___ DATA UNDER STUDY
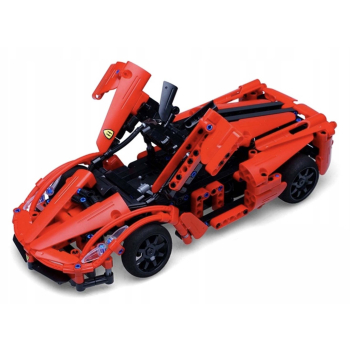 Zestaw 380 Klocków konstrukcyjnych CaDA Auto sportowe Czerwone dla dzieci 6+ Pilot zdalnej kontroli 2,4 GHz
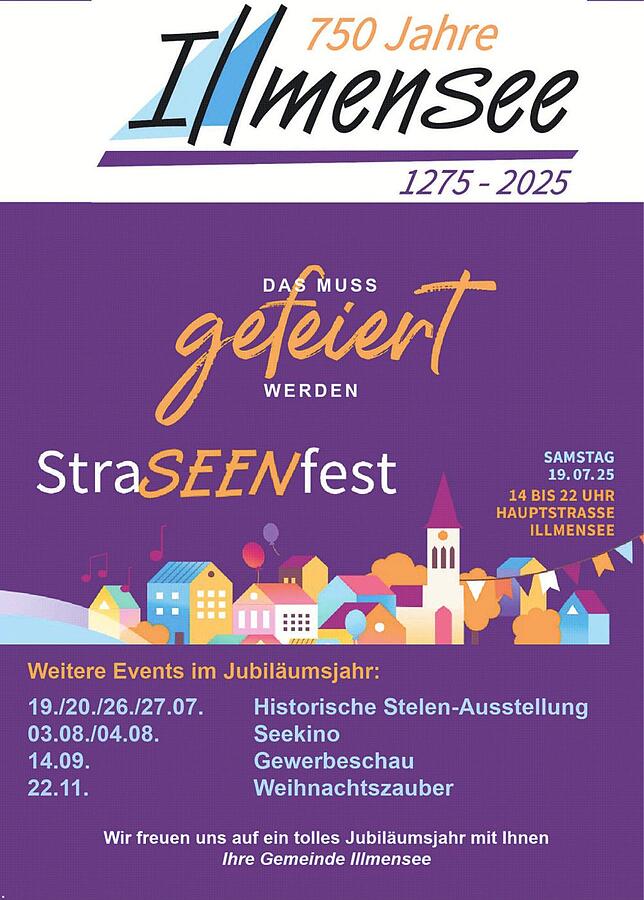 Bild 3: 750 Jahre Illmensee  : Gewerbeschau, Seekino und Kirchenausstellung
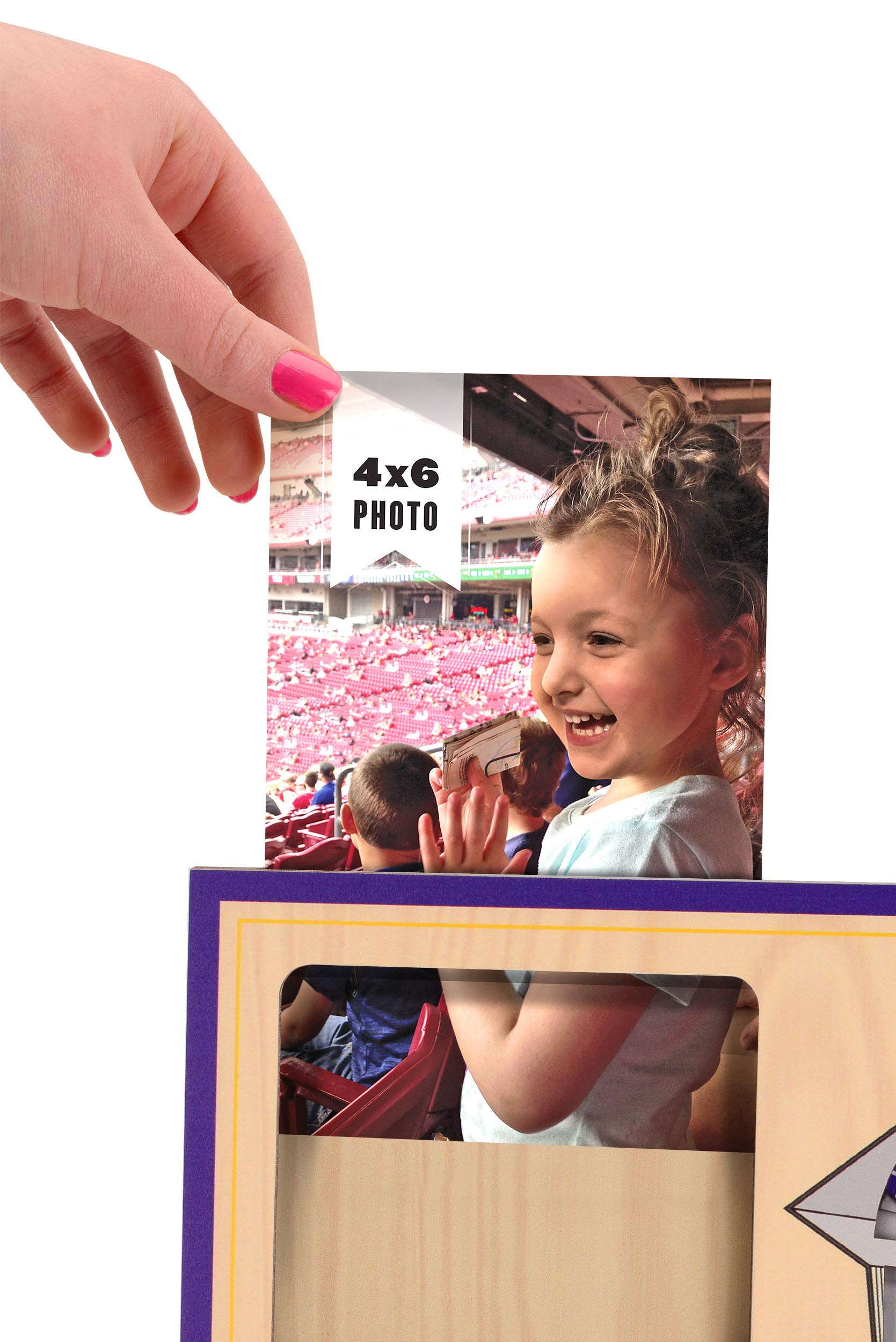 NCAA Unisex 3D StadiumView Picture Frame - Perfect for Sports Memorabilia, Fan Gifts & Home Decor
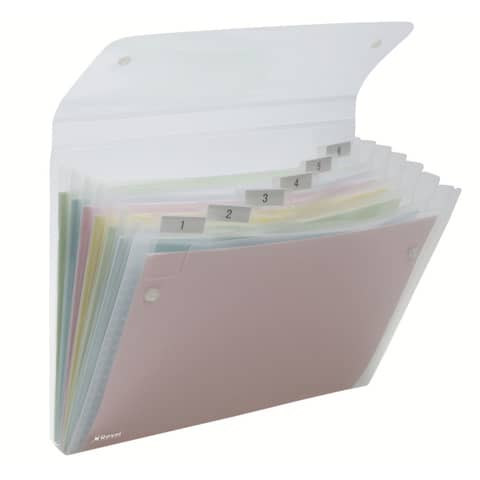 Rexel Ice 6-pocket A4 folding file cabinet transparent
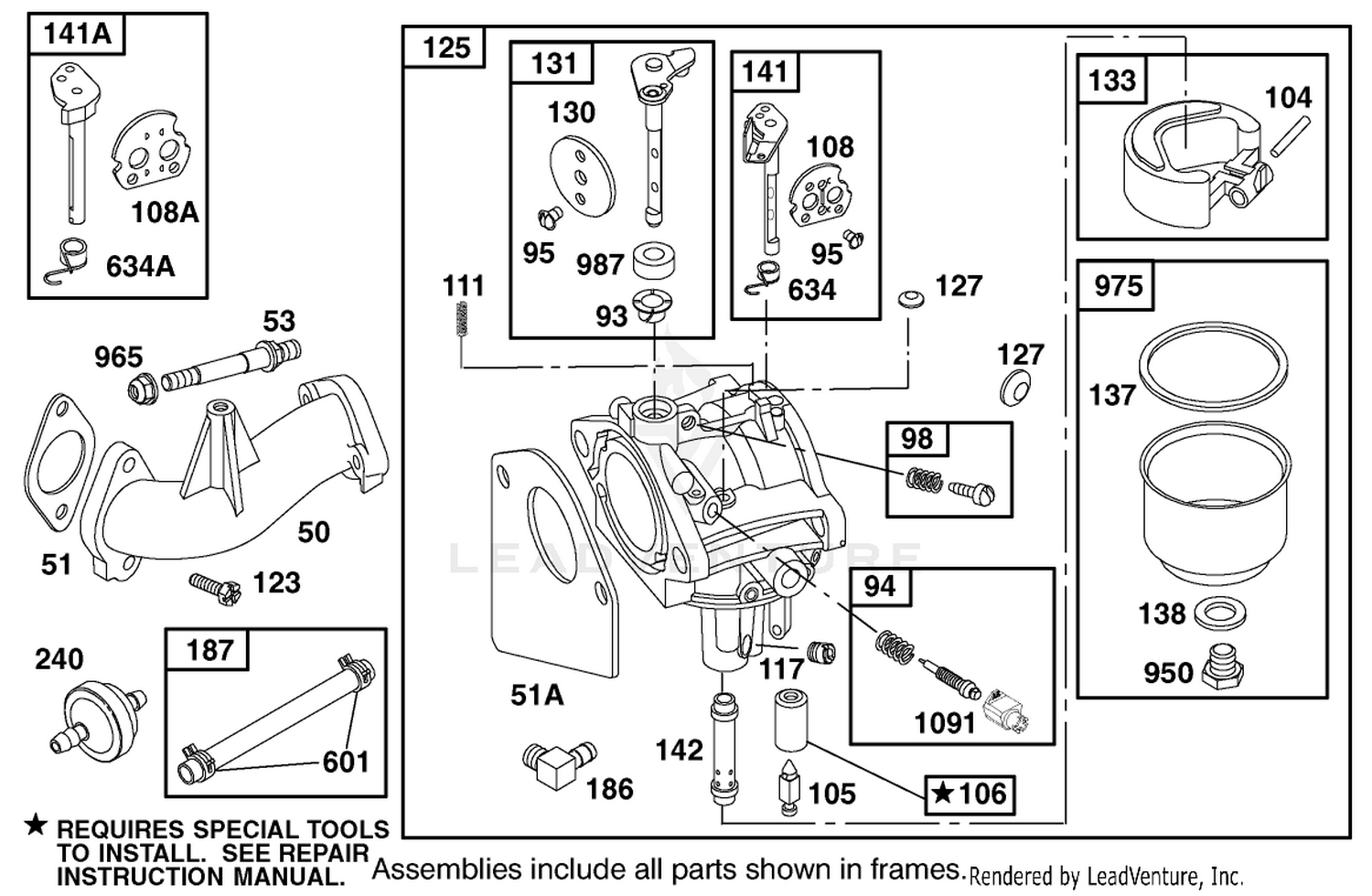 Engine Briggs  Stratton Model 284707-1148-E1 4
______
--- BRIEF ---
Restate the full listing verbatim and drop every picture.

--- WRITTEN RESPONSE ---
 Zestaw 380 Klocków konstrukcyjnych CaDA Auto sportowe Czerwone dla dzieci 6+ Pilot zdalnej kontroli 2,4 GHz
 Bild 3: 750 Jahre Illmensee  : Gewerbeschau, Seekino und Kirchenausstellung
 NCAA Unisex 3D StadiumView Picture Frame - Perfect for Sports Memorabilia, Fan Gifts & Home Decor
 Rexel Ice 6-pocket A4 folding file cabinet transparent
 Engine Briggs  Stratton Model 284707-1148-E1 4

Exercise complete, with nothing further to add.